Their clients were “men in high places; not only members of Parliament, but Queen Victoria’s cousin, the King of the Belgians who spent 1800 pounds a year debauching English girls.“2 One home near Farnham for “fallen children” housed forty girls under twelve years of age. One at Newport housed fifty under ten.
With her own baby daughter beside her, thinking of other little girls anguish and degradation, Florence cried herself to sleep night after night. Bramwell, her tenderhearted husband, was shocked but secretly doubted it could be so bad. Determined to check it out, he shortly after met a seventeen-year-old girl, Annie Swan, who had escaped during the entrapment process. Further questioning of other rescued girls confirmed the horrible truth – a slave-traffic that “could not be matched by any trade in human beings known to history.”
The twenty-six-year-old Salvation Army Chief Of Staff then wrote, “I resolved – and recorded the resolve on paper – that no matter what the consequences might be, I would do all I could to stop these abominations, to rouse public opinion, to agitate for the improvement of the law, to bring to justice the adulterers and murderers of innocence, and to make a way of escape for the victims!“3
Working with a new convert, Rebecca Jarrett, a thirty-six year old ex-drunkard and brothel keeper for twenty years, and the famous London editor, William T. Stead, the Salvation Army launched a fantastic plot to confirm and expose the children’s slave traffic – one that was eventually to embroil the Army in bitter controversy, and result not in the arrest and conviction of the child traders, but of Jarrett and Stead!
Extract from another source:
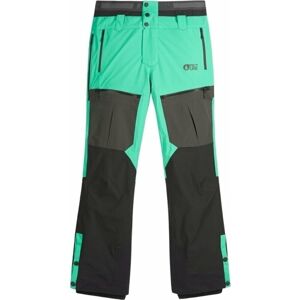 Picture Naikoon Pants Spectra Green/Black XL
Jarrett posed as a procurer and Stead as “one of the wealthy debaucherers to whom so many hundreds of the children of the poor were annually sacrificed.” Obtaining a pretty child called Eliza Armstrong for two pounds from her mother, they played out and documented the entire process, releasing it in the July 6, 1885 issue of the Pall Mall Gazette. It took the British public by storm, in a way that can hardly be paralleled in newspaper history. It was in such demand that enterprising newspaper boys sold the last copies at exorbitant prices.
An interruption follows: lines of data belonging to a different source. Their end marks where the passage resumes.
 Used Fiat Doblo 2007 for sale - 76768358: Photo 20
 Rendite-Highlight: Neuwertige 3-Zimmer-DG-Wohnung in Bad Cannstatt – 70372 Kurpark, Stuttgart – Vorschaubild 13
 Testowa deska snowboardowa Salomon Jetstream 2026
The “dead” Criminal Law Amendment Bill was suddenly resurrected before a packed and excited House of Parliament. Within seventeen days, over 343,000 signatures filled the Salvation Army’s “monster petition” to the House of Commons. Two miles in length, the petition was carried by eight Salvationists onto the floor of the House. In a month, the Bill was law, and the age of consent was raised to sixteen.
But the underworld, outraged at their exposure, counterattacked. They took Stead and Jarrett to court indicting them under an 1861 abduction act! This “most sensational trial of the nineteenth century” ended in Bramwell’s acquital, but Stead and Jarrett respectively received three and six month sentences. They had succeeded. It cost them dearly, but they broke the back of one of the most vile and vicious practices in England’s history.4
1 Richard Collier, The General Next to God, William Collins Sons & Co. Ltd, Glasgow, pp.15-19.
2 Ibid., p.111.
3 Bramwell Booth, Echos and Memories, Hodder and Stough, 1925, p.120.
4 Winkie Pratney, Revival, Agape Force, Lindale Texas, pp.295-299.